Key Contributions and Findings

  1. Homogeneous Data Distribution: The authors present a variant of local SGD that employs quantization, yielding enhanced convergence rates. For strongly convex and general convex functions, the results not only improve upon existing bounds but also surpass non-compressed equivalent methodologies in terms of communication rounds and local updates.
  2. Heterogeneous Data Distribution: The introduction of the FedCOMGATE algorithm, which incorporates local gradient tracking, stands as a significant advancement. This algorithm successfully mitigates data heterogeneity effects and compensates for compression noise, aligning its convergence rates with the best-known results for scenarios without compression.
  3. Practical Efficacy: Extensive experimentation with real-world datasets substantiates the theoretical claims. The proposed methods demonstrate reduced communication rounds and efficient convergence, validating the algorithms' applicability to practical federated learning problems.
  4. Sharp Analysis for Compression: The paper provides a sophisticated analysis that establishes a strong theoretical foundation for incorporating gradient compression in federated settings. This includes precise characterizations of the effects of compression on convergence dynamics, tailored for different types of optimization landscapes.
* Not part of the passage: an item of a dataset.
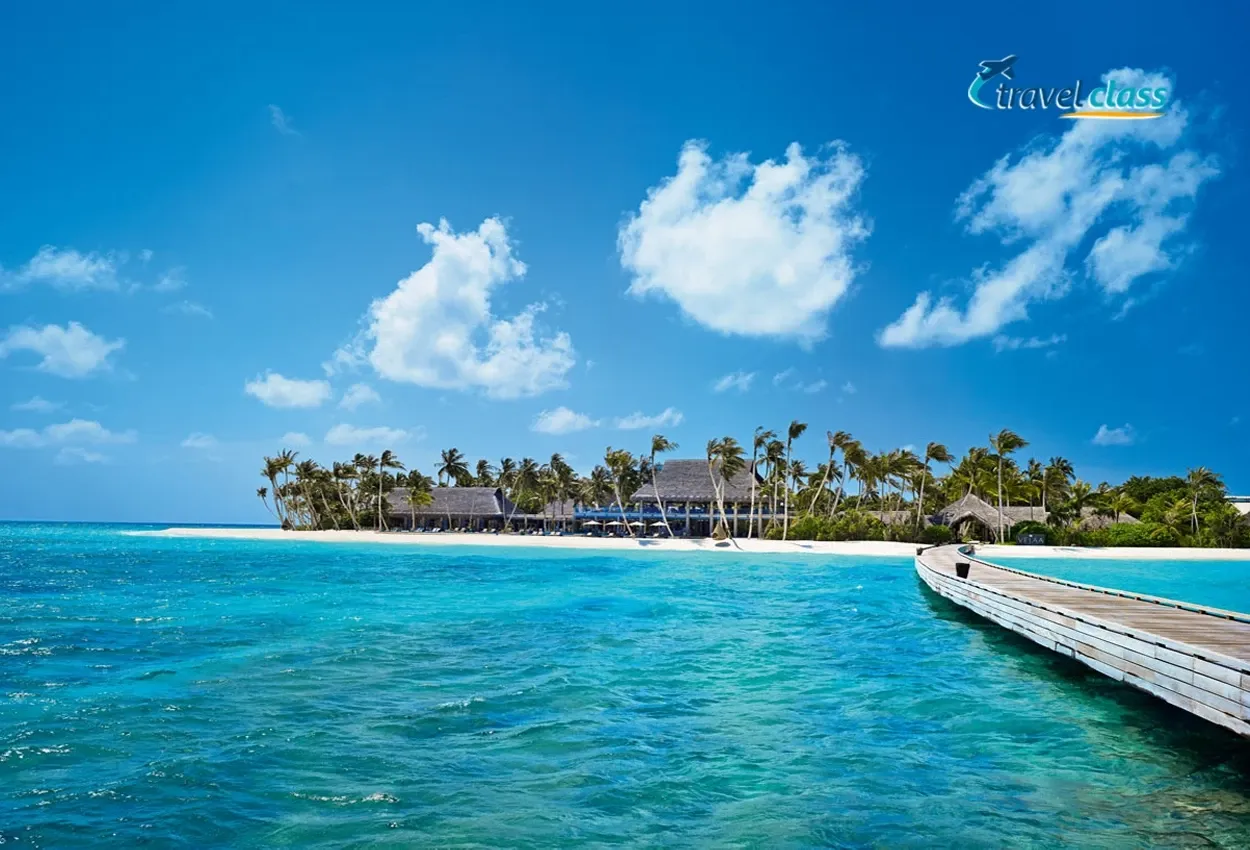 by Velaa Private Island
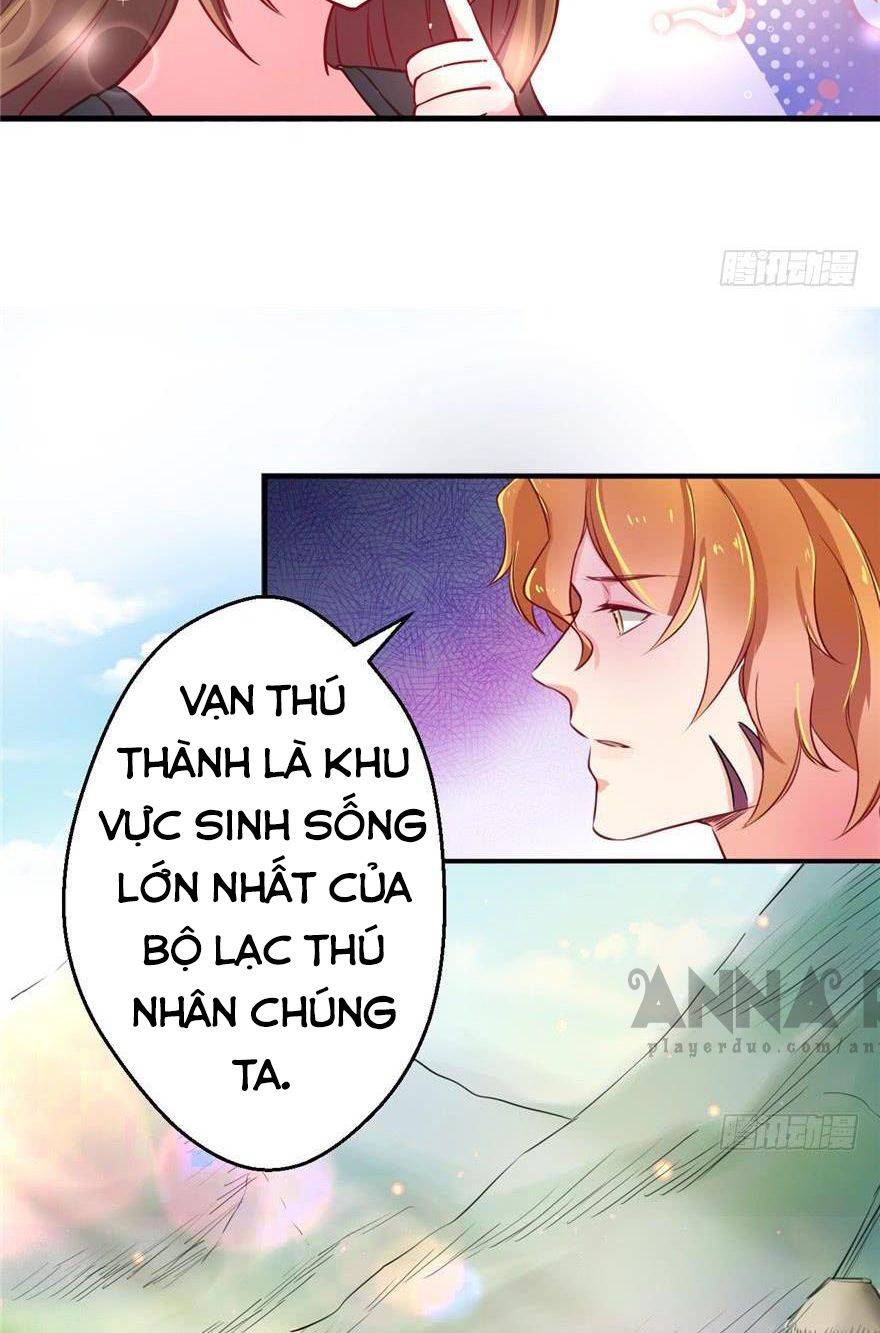 Thảnh Thơi Thú Thế Chủng Chủng Điền, Sinh Sinh Tể - Chap 4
Implications and Future Directions

The integration of compression with federated learning signifies a promising step towards more efficient distributed learning systems that are scalable to a broader set of devices with constrained communication capabilities. The advancement of compression techniques tailored for non-convex objectives expands the applicability of federated learning to complex models typical in real-world applications, such as neural networks. The blend of practical insights with rigorous theoretical foundations positions this research as a pivotal reference for further exploration in federated systems and distributed computations.

Moving forward, future research might explore adaptive compression mechanisms that dynamically adjust the level of compression based on device capabilities or data distributions. Furthermore, the exploration of privacy-preserving compression techniques could enhance federated learning's ability to handle sensitive data in sectors like healthcare and finance.

In summary, this paper provides a unified framework for understanding and improving federated learning with compression, demonstrating significant potential to transform how distributed devices contribute to global model training while retaining autonomy over their local data.